McGrigors has advised a pair of housing companies on a joint venture with Sheffield County Council that will see 2,500 homes built across 19 sites.
Manchester infrastructure partner Nick Ogden led a team that acted for Keepmoat and Great Places on the scheme, which is worth around £400m.
DLA Piper partner Roger Gough advised the local authority.
Under the terms of the 20-year asset-backed vehicle project the council has invested land, with Keepmoat and Great Places investing cash of an equivalent value to the land. Homes will be built for sale, shared ownership or rental, and will be situated in areas that require regeneration.

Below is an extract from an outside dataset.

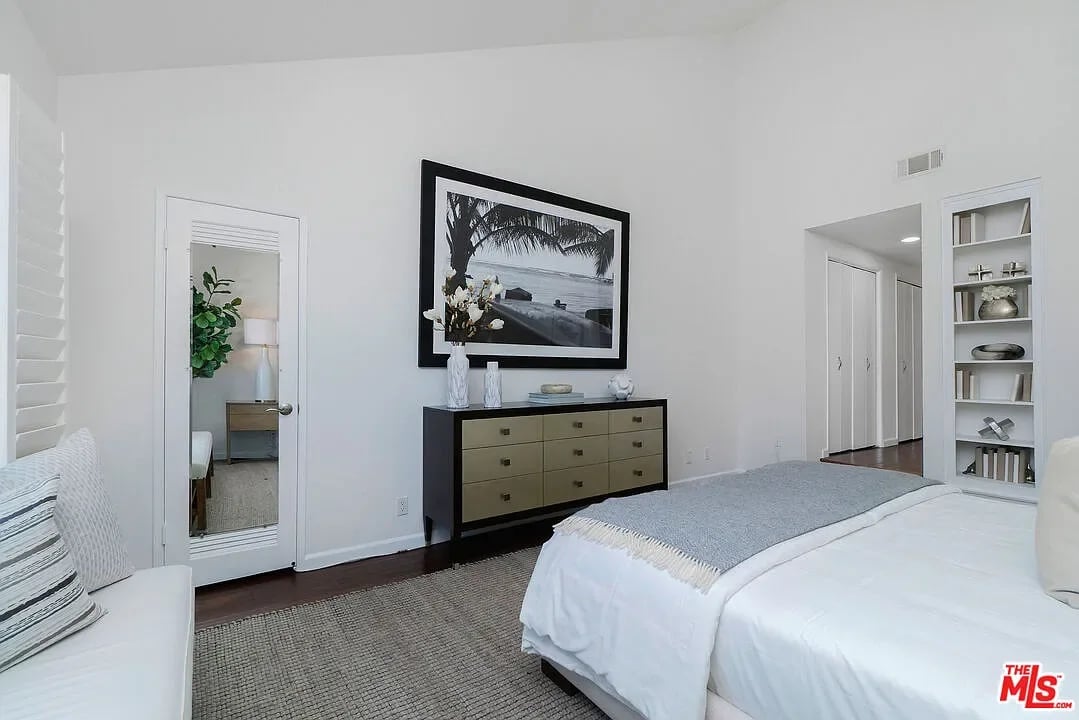 11706 Montana Ave APT 309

Earlier this year Ogden advised on a similar project, acting for a consortium made up of Barratt Developments subsidiary David Wilson Homes as well as Keepmoat and Yuill Homes on a tie-up with Newcastle City Council. On that deal Pinsent Masons partner Scot Morrison represented the council.

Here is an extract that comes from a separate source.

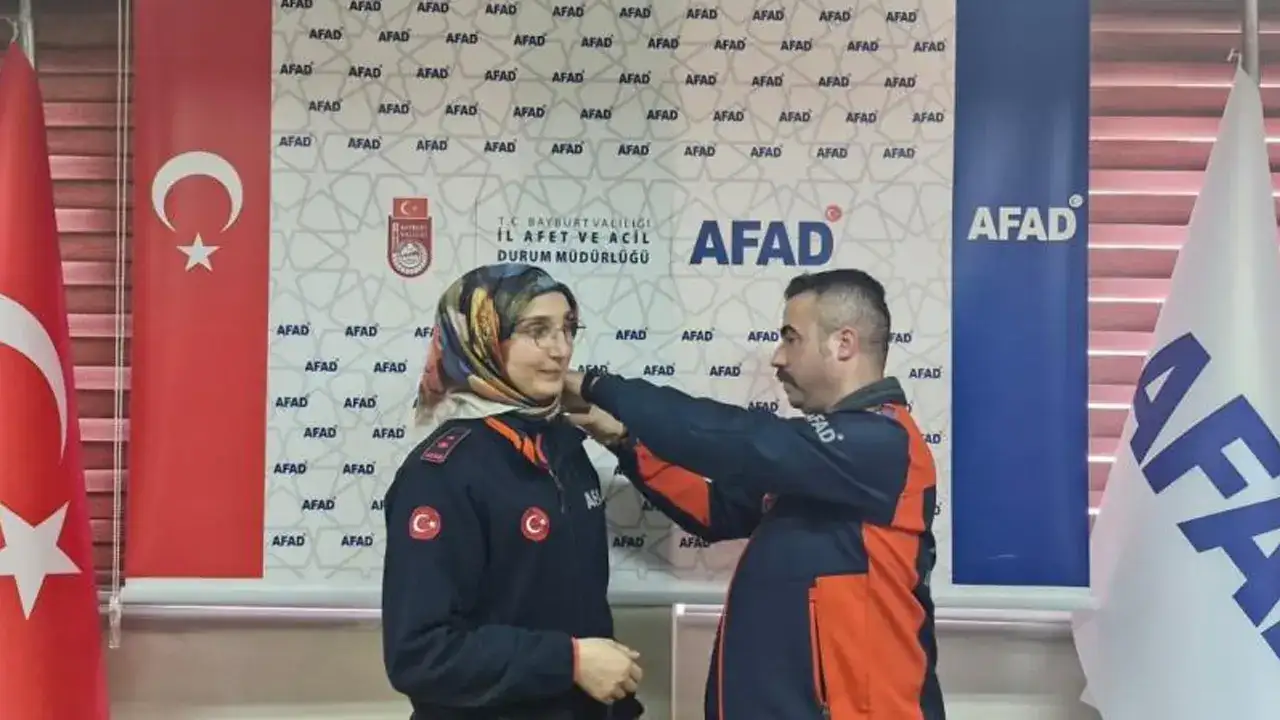 Bayburt AFAD’da terfi! Personelin rütbeleri takıldı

Ogden said he expected more of these sorts of deals in future as local authorities look at ways of capitalising on property assets as a way of funding regeneration work.
“We saw a fair bit of hesitation last year as local authorities awaited the outcome of the public spending review, and that carried over into this year pending the results of local elections,” he said. “These projects need to proceed regardless of the economic environment, so we’re seeing real innovation as people consider new funding models such as these land asset-backed vehicles or tax-increment finance.
“Our Manchester office is becoming a real hub for housing and regeneration deals throughout the North.”